La dernière apparition de Marie
Rassurez-vous ! Je ne fais pas campagne en faveur d’une énième apparition de la Sainte Vierge qui serait survenue ces jours-ci, je parle seulement de la dernière fois où Marie mère de Jésus intervient dans le récit du Nouveau Testament, plus précisément dans les Actes des Apôtres, au chapitre 1, comme nous le voyons dans la première lecture de ce dimanche : « tous, d’un même cœur, étaient assidus à la prière, avec des femmes, avec Marie la mère de Jésus, et avec ses frères ».On est juste après l’Ascension et il nous est dit que les Apôtres « après avoir vu Jésus s’en aller vers le ciel, retournèrent à Jérusalem » et que « à leur arrivée, ils montèrent dans la chambre haute où ils se tenaient habituellement ». On identifie généralement cette chambre haute avec le cénacle où avait eu lieu la dernière Cène, c’est possible et même assez probable, mais, dans ce cas il faut distinguer ce lieu relativement restreint où se réunissent les apôtres et où aura lieu la Pentecôte et l’endroit beaucoup plus vaste où, dans l’intervalle, cent-vingt frères se sont retrouvés autour de Pierre (Actes 1,15). La phrase concernant la Mère de Jésus et les frères du Seigneur (1,14) est entre les deux, si bien qu’on ne peut pas être vraiment sûr qu’elle se soit trouvée dans la « pièce haute », c.a.d. le Cénacle. Pour sûr, elle a prié avec les Apôtres, elle les a accompagnés de son soutien et de ses conseils, mais sa présence à au moment précis de la Pentecôte n’est pas assurée, c’est sans doute la raison pour laquelle un bon nombre d’icônes classiques ne la représentent pas dans ce moment-là.
Pentecôte ou pas, la sainte Vierge Marie est associée, dans le récit de saint Luc, au commencement de l’Église. Comme elle était là au départ de l’existence humaine de Jésus (Luc 1,26-37), elle est encore présente au moment où se forme le Corps mystique du Christ.
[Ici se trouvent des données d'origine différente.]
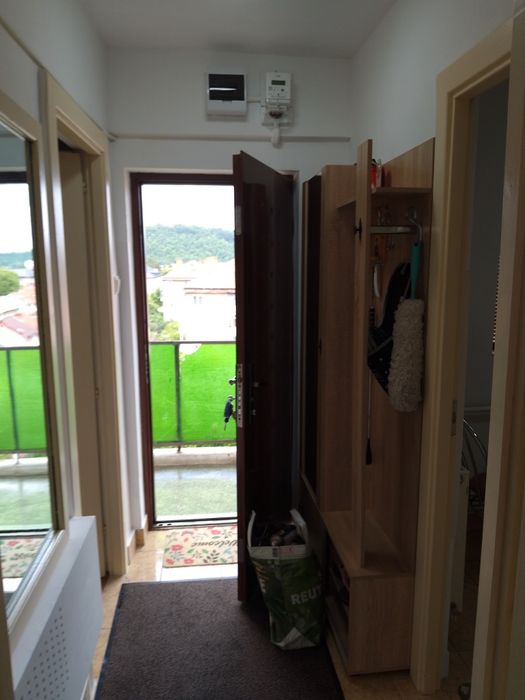 Închiriez/ schimb cu casa un apartament cu 3 camere central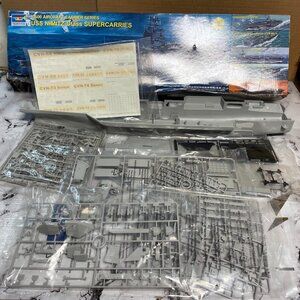 Trumpeter 1/500 Aircraft Carrier Series USS Nimitz Class Supercarriers 05201READ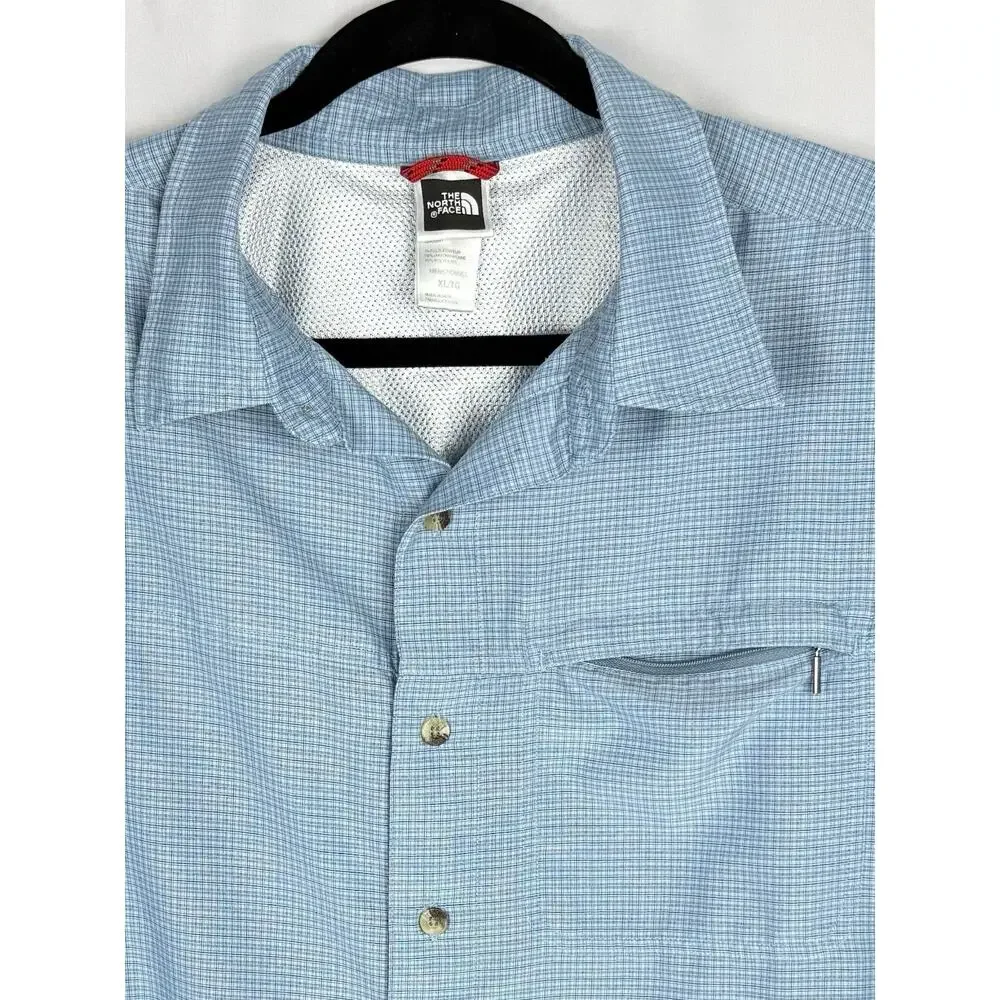 The North Face Men’s XL Blue Short Sleeve Button Front Hiking Shirt Vented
Saint Jean l’avait montré d’une autre façon en nous rapportant la scène qui s’était déroulée au pied de la Croix le Vendredi Saint, quand Jésus avait confié à Marie le disciple bien-aimé. Cette scène elle-même était reliée par un lien discret avec l’épisode de Cana, où Marie est aussi appelée « femme » et où elle s’associe au miracle par lequel Jésus annonce et prépare son « Heure » qui est aussi « l’heure de la femme » (cf. Jean 16,21).
Ceci doit suffire à convaincre les plus hésitants que non seulement Marie est bien présente dans le Nouveau Testament, mais encore qu’elle n’est pas seulement l’occasion « matérielle » de la naissance de Jésus et qu’au-delà du mystère de l’Incarnation, elle n’est pas moins présente dans la Rédemption, – non pas certes comme la cause principale, mais comme l’auxiliaire discrète que Jésus a voulue.
Discrète, elle l’est évidemment. La suite des Actes des Apôtres ne mentionnera aucune intervention d’elle et sa disparition elle-même a laissé fort peu de traces- (sauf peut-être dans une tradition de l’Eglise judéo-chrétienne de Jérusalem qui est à l’origine de ce qu’on appelle le Transitus Mariæ, où sont racontées la Dormition et l’Assomption). Mais son rôle était depuis le début de s’effacer et de conduire les cœurs à Jésus : « faites tout ce qu’il vous dira !»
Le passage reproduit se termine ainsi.